The idea behind update-context is that it will drop the first symbol at the beginning of the context and add the next one to the end of the context, to maintain a context of length \(n-1\). If the current context is less than length \(n-1\), it will first build up a context of that length by adding symbols.

Generating from an \(n\)-gram model

We can define a sampler for the \(n\)-gram model using a variant of the list-unfold function that we defined in a Bag of Words Models to use the $n$-gram contexts.

(defn list-unfold [generator n-gram-order context current stop?]
  (if (stop? current)
    (list current)
    (let [new-context (update-context n-gram-order context current)
          nxt (generator new-context)]
      (cons current
            (list-unfold generator
                         n-gram-order 
                         new-context
                         nxt
                         stop?)))))

(list-unfold
 (fn [context] (sample-categorical '(a b) '(0.5 0.5)))
 2                 ; n-gram-order
 '()               ; context
 'start            ; current 
 (fn [w] (= w 'a)) ; stop?
)

Note that we have changed two things about the preceding function from the list-unfold defined earlier. First, our stopping criterion has changed from using a fixed length to randomly generating a stop symbol.

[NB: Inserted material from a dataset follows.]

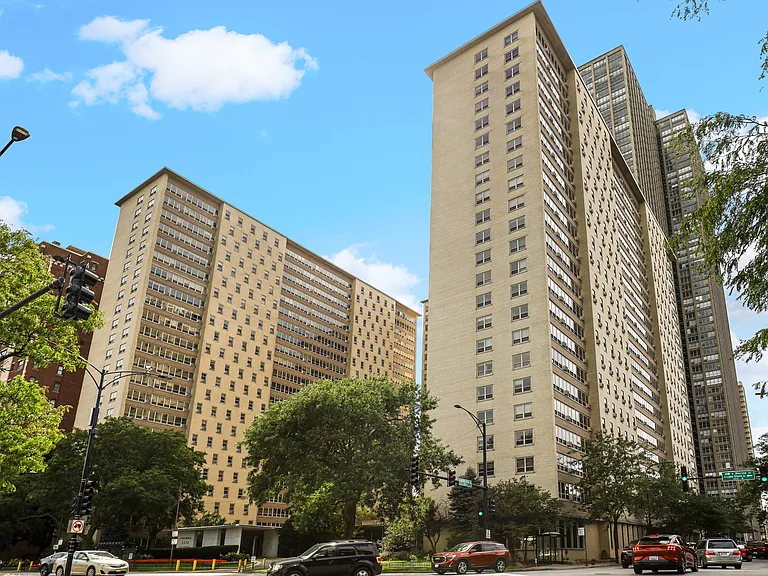 3950 N Lake Shore Dr #1516 — Photo 1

Second, we now generate based on a rolling context which we maintain with our update-context function.

Now we will use memoization to sample a persistent distribution for each context which we can use multiple times afterwards.

(def vocabulary '(call me Ishmael stop))
(def alpha (repeat (count vocabulary) 1))

(def context->probs
  (memoize 
   (fn [context] 
     (sample-dirichlet alpha))))

[vocabulary (context->probs '(call me))]

Finally, we define a generator and a stopping-condition function and put it all together.

(def n-gram-order 3)

(defn stop? [word]
(= word 'stop))

(defn generator [context]
  (sample-categorical
   vocabulary
   (context->probs context)))

(list-unfold generator n-gram-order '() 'start stop?)

Scoring an \(n\)-gram model

What about scoring an \(n\)-gram model? First, let’s introduce a scorer that computes the (log) probability of a single word given context: $\log \Pr( w^{(i)} \mid \mathbf{c} )$

(defn log-scorer [context word]
  (Math/log2
   (score-categorical
    word
    vocabulary
    (context->probs context))))

(log-scorer 
  (list 'start 'call) 
  'me)

To score a whole sentence, we accumulate the probability of each word given the preceding $n-1$ words of context.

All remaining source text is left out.